Short text fragments from websites:
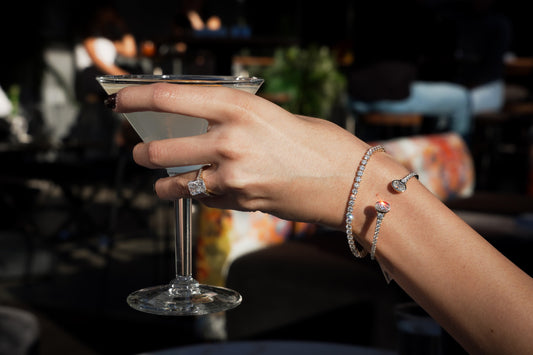 A hand holding a drink, with a ring and bracelets from Sapirion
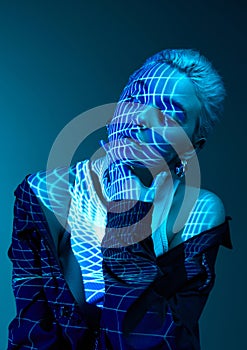 Abstract techno photo. Portrait of young blonde girl with neon stripes on face posing over dark background in blue neon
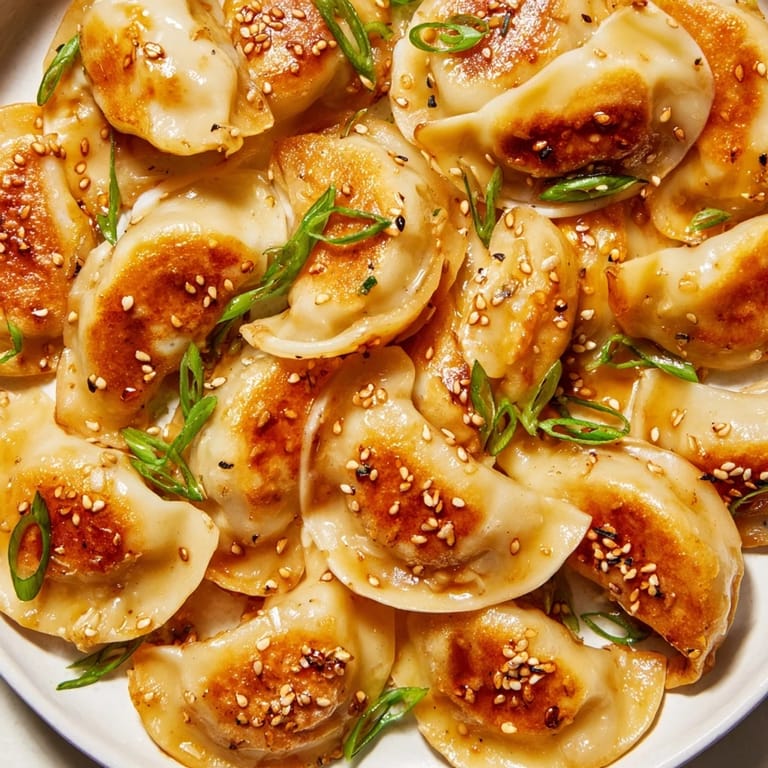 Visualize perfectly cooked, savory air fryer frozen dumplings with a flavorful sesame oil drizzle.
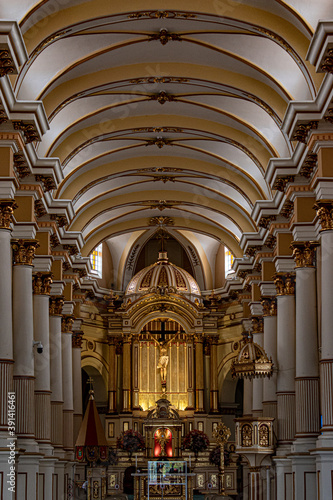 A picture of the interior art of a church with large colons and ornaments. Photo taken with tripod.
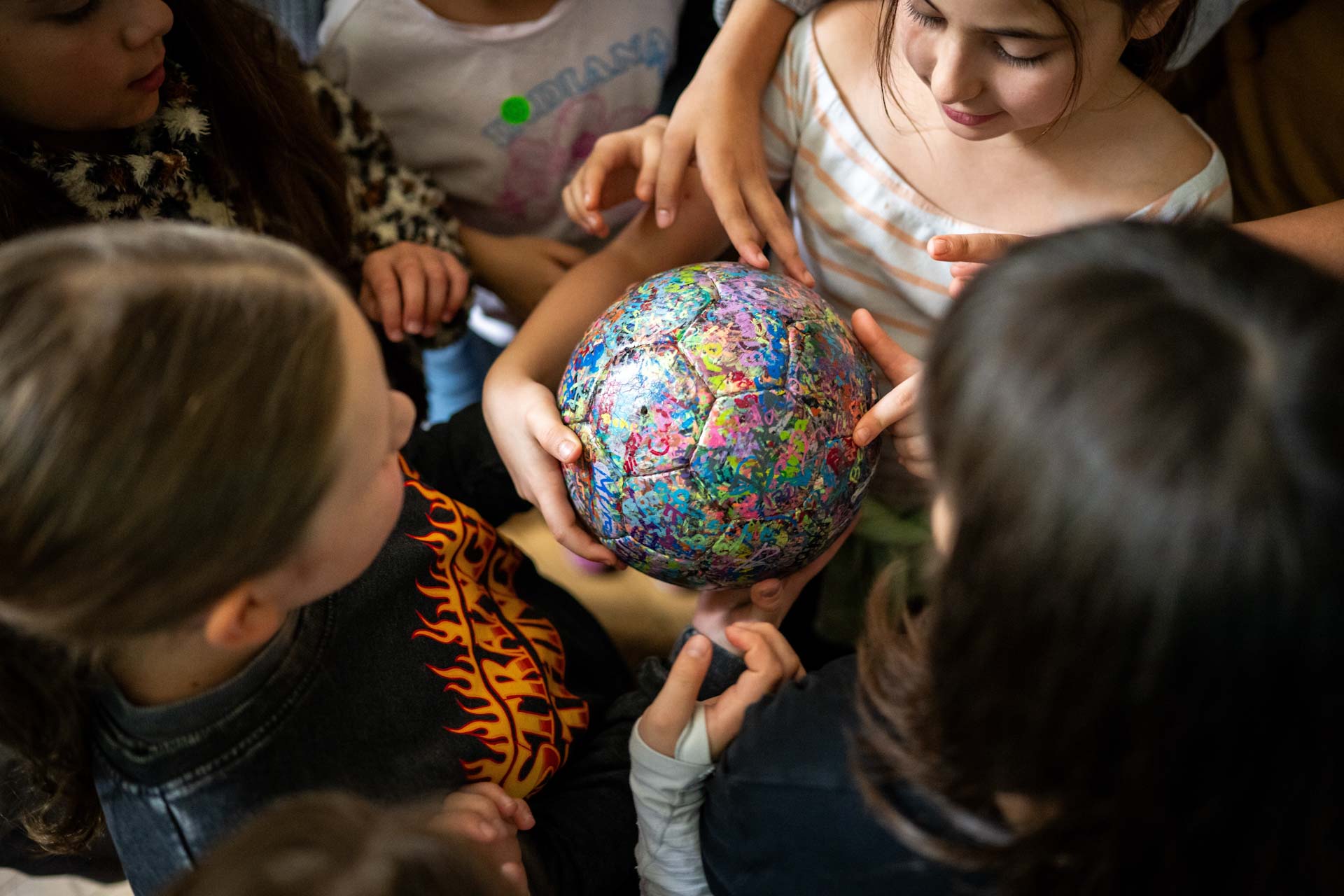 Mädchen stehen rund um einen bunten Ball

▸ **What you have to do**: Only the lines from the one with "Visualize perfectly cooked, savory" through the final line of the entries belong in the answer, set down exactly, with both ends included and no pictures.

▸ **Solution for this problem**:
 Visualize perfectly cooked, savory air fryer frozen dumplings with a flavorful sesame oil drizzle.
 A picture of the interior art of a church with large colons and ornaments. Photo taken with tripod.
 Mädchen stehen rund um einen bunten Ball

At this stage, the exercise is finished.